Efficient ring perception for the Chemistry Development Kit

May, John W; Steinbeck, Christoph

doi:10.1186/1758-2946-6-3

Software
Open access
Published: 30 January 2014

Efficient ring perception for the Chemistry Development Kit

John W May¹ &
Christoph Steinbeck¹

Journal of Cheminformatics volume 6, Article number: 3 (2014) Cite this article

3841 Accesses
23 Citations
16 Altmetric
Metrics details

Abstract

Background

The Chemistry Development Kit (CDK) is an open source Java library for manipulating and processing chemical information. A key aspect in handling chemical structures is the determination of the chemical rings. The rings of a structure are used areas including descriptors, stereochemistry, similarity, screening and atom typing. The CDK includes multiple algorithms for determining the rings of a structure on demand. Non-unique descriptions of rings were often used due to the slower performance of the unique alternatives.

Results

Efficient algorithms for handling chemical ring perception have been implemented and optimised in the CDK. The algorithms provide much faster computation of new and existing types of rings. Several optimisation and implementation considerations are discussed which improve real case usage. The performance is measured on several publicly available data sets and in several cases the new implementations were found to be more than an order of magnitude faster.

Conclusions

Algorithmic improvements allow handling of much larger datasets in reasonable time. Faster computation allows more appropriate rings to be utilised in procedures such as aromaticity. Several areas that require ring perception have also seen a noticeable improvement. The time taken to compute the unique rings is now comparable allowing a correct usage throughout the toolkit. All source code is open source and freely available.

Background

The Chemistry Development Kit (CDK) [1, 2] is an open source Java library for manipulating chemical information. A key aspect of manipulating and querying chemical information is the ability to define and reason about attributes of chemical structures. Describing the rings in a structure is fundamental and a prerequisite of other attributes.

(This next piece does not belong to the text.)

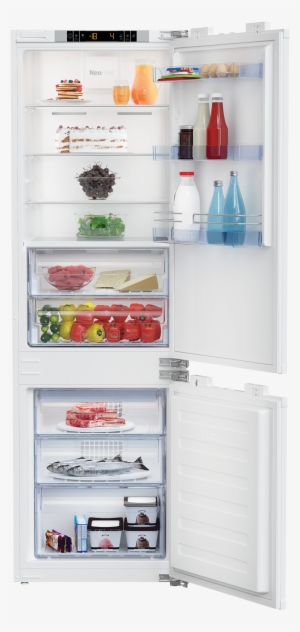 22" Built In Bottom Freezer Refrigerator - Beko Bcha275k2s Frigo Combiné Intégrable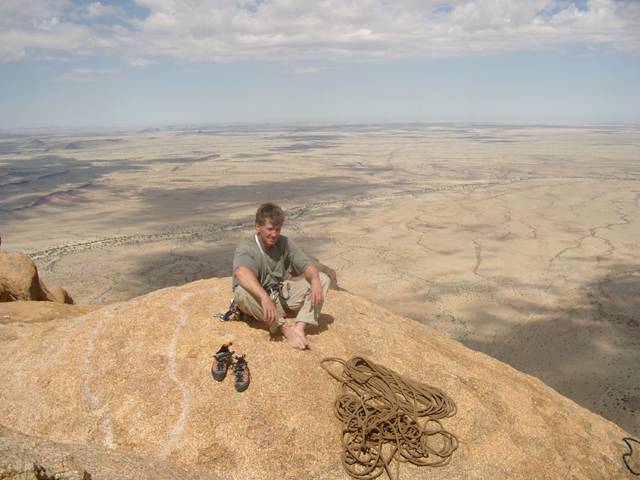 На вершине Шпитцкопп (Spitzkoppe)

There is often a disconnect between how chemical rings are numbered and what is useful for computation. Conflicting definitions of rings contribute towards discrepancies between chemistry toolkits such as assigning aromaticity. The CDK does not provide a single strict definition of what rings are present in a structure. The ring information is considered auxiliary with different algorithms utilised for a specific use-case. Some considerations of the differences will be touched upon but a thorough review is provided by [3, 4] and [5].

There are several key properties we wish to know: is an atom or bond in a ring, what size is the ring and what are the other atoms and bonds in the ring? This information can be stored as an attribute of each atom or bond, as a collection of rings on the structure or computed on demand. With the provision of multiple algorithms it is undesirable to store all the information but invariant properties including membership and smallest ring size could be stored as an attribute of an atom or bond.

The ring properties can be used in many procedures throughout the library. In similarity searching and screening the creation of chemical fingerprints [6] may include ring size or membership to reduce the number of false positives. When matching atoms and bonds between structures the ring properties can be used in early elimination of infeasible matches or to disfavour ring opening and closing. Ring properties are also utilised in structure patterns (SMARTS [7]) where ring membership, size and number of rings can be queried.

It is essential that different structure resonance forms are treated as equivalent, one approach is to treat bonds in aromatic ring systems as delocalised. Conversely a delocalised structure may have been provided without specified bond orders. The ring properties can be used to localise and delocalise the bonds between aromatic and Kekulé representations.

Geometric isomers (double-bond stereochemistry) should not be encoded when the bond is involved in a rigid ring. Rigidity is approximated by only allowing stereoconfigurations in rings with more than seven atoms. Groups of interdependent stereocenters can be identified by recursively checking the rings in a structure [8].

Improving the core ring perception algorithms can influence many areas and it is important that efficient algorithms are used.

Graph theory preliminaries

Although more comprehensive and accurate methods exist, chemical structures can be represented and efficiently modelled as graphs [9]. The algorithms used for ring perception are not specific to chemical structures and require several formal definitions. The basic concepts for these are briefly introduced here. A graph is composed of a set of vertices V and a set of edges E. Each vertex or edge may be labelled with a value. Two vertices are adjacent if an edge exists which contains the two vertices. The vertices of an edge are known as the endpoints, each endpoint is said to be incident to the edge. A degree of a vertex is the number of incident edges. If the endpoints are unordered, an edge is said to be undirected. Simple graphs have no edges connecting the same vertex (loops) and no edges which share the same endpoints (multiedges). We model a chemical structure as simple undirected labelled graph where the atoms and bonds are labels on the vertices and edges. Although the edges have a numeric value (bond order) they are not treated as weighted.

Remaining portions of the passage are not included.